Teaching a spaCy model to attend to the right n-gram

I have a task where I need to do some structured information extraction on exchange statements. So far I've been using a rule based approach using spacy matcher together with some sentence logic.

However I'd prefer migrating into a ML approach where I teach a model to attend to the tokens of interest. But I'm not sure if thats possible in spaCy? I love the spaCy framework so I'd prefer that.

Given an exchange statement like this I'd like to extract something like OUTLOOK-EBIT_MARGIN which would be around the same level as last year. I imagine having a list of n-grams with hundreds of features each and train a classifier and extract highest scoring n-gram. As features I'd have x-y coordinates, bold, italic etc.. The text itself is not enough since the information could be found in tables as well.

Let me know if this is something that can be done in spaCy or if you have some comments. Thank you.

I should add that the exchange statements can be very different and might not have nice headers like this one.

Unfortunately you can't really do that in spaCy easily. You'll need to code it directly in PyTorch. Once you have the component you could integrate it into a spaCy pipeline, but spaCy won't really help with getting the model to work.

Is there a way you could make the task simpler? For instance, maybe you could have one classification scheme marking which metric the region of text is referring to, and have EDIT_MARGIN as a category. Then you could have four classes, like UPWARD, DOWNWARD, SAME, NUMBER. If the prediction is NUMBER, you go and get the numeric value from the text. This saves you from doing any text recognition, so that you don';t need to worry about the ngrams at all.

Thank you for getting back and always being so helpful!

I figured you'd say something like that and I'm actually just about to experiment with an approach like you outlined but unfortunately I can't extract the original wording with that approach, right? I'll discuss with my product owner if its still a good use case.

Since I am working with financial texts I'm considering training my own word vectors, i.e. my own sense2vec but I noted you wrote this

To train your own sense2vec vectors, you'll need the following:

  • A very large source of raw text (ideally more than you'd use for word2vec, since the senses make the vocabulary more sparse). We recommend at least 1 billion words.

I just checked and I have ~150.000 html documents that has been split into ~2.7M raw text paragraphs which holds ~100M "words" in total (some content are phone numbers, emails etc. as well) so I suppose you wouldn't recommend going down that road?

100M words is a bit small, yes. But maybe you can find other publicly available texts you can add that are related?

Training a sense2vec model is relatively easy and not very expensive, so you can always try and see. The sense2vec package also includes several Prodigy recipes for evaluating vectors, so this should give you an idea whether your vectors are useful or not. (It gets pretty obvious quickly if the vectors are bad and not useful.)

You're right. Try it out and see how it goes (maybe you just knew for a fact already :wink: ) but thanks for your answer!

Now I have a few questions but maybe it should be asked in another thread (if so, let me know)

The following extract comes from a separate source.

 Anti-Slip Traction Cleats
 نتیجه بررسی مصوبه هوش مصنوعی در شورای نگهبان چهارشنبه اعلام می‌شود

I just realised that 1/100 documents are actually not in English so I suppose I should train a model to filter those out before or would you propose another solution?

Do you have any best practice when creating a pipeline using multiple models, one by one? For instance;

  1. Filter out garbage - non english.
  2. Tag paragraphs (is it a headline, is it content or ...).
  3. Tag content with context from last headline... (It might be better to combine 2 and 3 though - atm. I have ~5 major categories and within each 5-50 subcategories. I wonder if its better to just have 150 categories and discard the subcategory idea)

So far I've built my own python package that utilises different models but you might have seen this kind of approach a lot and have a framework for it?